À moins d’une semaine de l’examen en séance du texte, et en dépit d’un intense lobbying des associations de défense des libertés, rares sont les parlementaires à s’être publiquement inquiétés du projet. Et pour cause, moins d’une semaine après sa présentation en Conseil des ministres, le texte s’est retrouvé devant des députés qui n’avaient, pour beaucoup, « pas eu le temps de le préparer », souligne Sergio Coronado, député Europe écologie-Les Verts (EELV), et membre de la Commission des lois. « Le groupe socialiste a déposé très peu d’amendements. Et certains ont soutenu le texte sans véritablement le connaître. » Une procédure accélérée qu’il n’est pas seul à dénoncer. Pour Jean-Jacques Candelier, député communiste, une telle précipitation est « injustifiée ». « Ça fait longtemps qu’on réfléchit à ce texte, pourquoi son adoption est-elle subitement si urgente ? » Selon Isabelle Attard, députée Nouvelle Donne, très critique vis-à-vis du projet, la réponse est claire, le climat n’est pas favorable aux opposants du tout-sécuritaire : « Quand on prend la parole pour défendre les libertés, on nous accuse de manquer de patriotisme et de vouloir laisser courir les terroristes. C’était déjà le cas lors des discussions autour de la loi antiterroriste il y a quelques mois, qui n’avait pas rencontré d’opposition », dénonce-t-elle.
Pour l’heure, le sujet divise les groupes parlementaires et crée des unions inédites. À peine présenté en Conseil des ministres, le projet de loi a ainsi été adoubé par l’UMP, qui a annoncé sans ambages que ses parlementaires voteraient le texte, sous réserve qu’il ne soit pas « dénaturé » par des amendements « risquant d’entraver l’action des services ». Seule voix dissonante, celle de Laure de La Raudière, qui déclarait sur Twitter que certaines dispositions du texte lui donnaient des « sueurs froides ». Ses inquiétudes ne sont pas si éloignées de celles de Sergio Coronado, qui ne cache pas son opposition au projet. Chez EELV, les positions divergent. La direction nationale a certes dénoncé une loi « dangereuse pour la citoyenneté et la démocratie », mais cet avis ne fait pas l’unanimité à l’Assemblée. François de Rugy estime ainsi que le projet du gouvernement est « équilibré ». « Je comprends les inquiétudes, mais je crois qu’il y a beaucoup de fantasmes. Le but, ce n’est pas d’accumuler des fiches sur les citoyens, nous ne sommes pas dans un régime totalitaire.

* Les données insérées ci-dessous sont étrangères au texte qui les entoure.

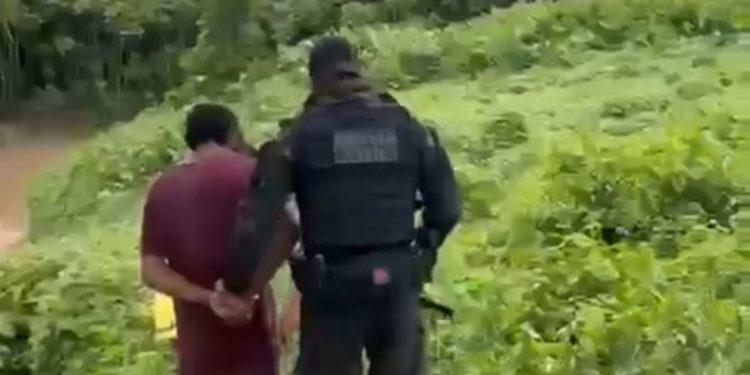 Após anos de vi0lênci4, mulher e filhos são salvos e agress0r é pres0 no Amazonas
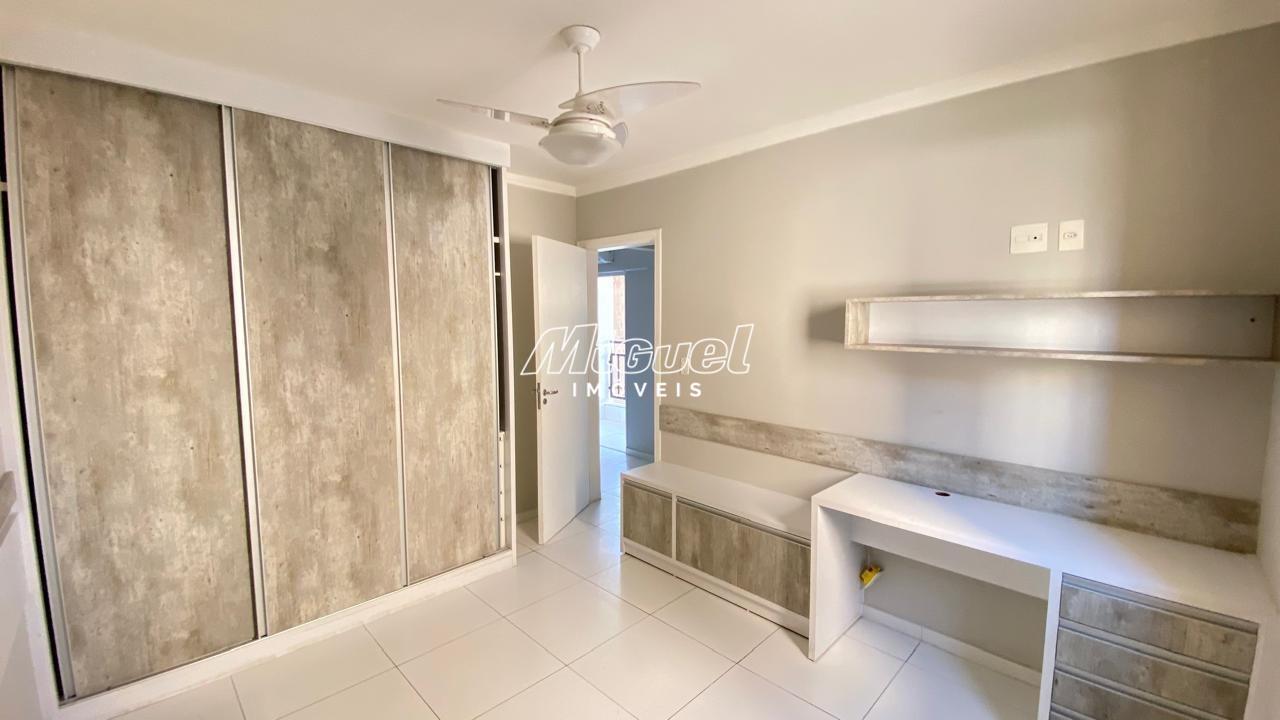 Apartamento, à venda, Glebas Califórnia - 2 quartos Residencial Toronto - Piracicaba/SP:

Le but, c’est de déjouer des attentats. » Cet objectif, les députés communistes pourraient le soutenir. Ils avaient ainsi voté la loi antiterroriste à l’automne dernier. Mais cette fois-ci, le texte n’est pas assez équilibré, selon Jean-Jacques Candelier : « Cette réforme est justifiée, je ne le conteste pas. Il faut faire face au terrorisme, mais là on va trop loin dans l’atteinte aux libertés. »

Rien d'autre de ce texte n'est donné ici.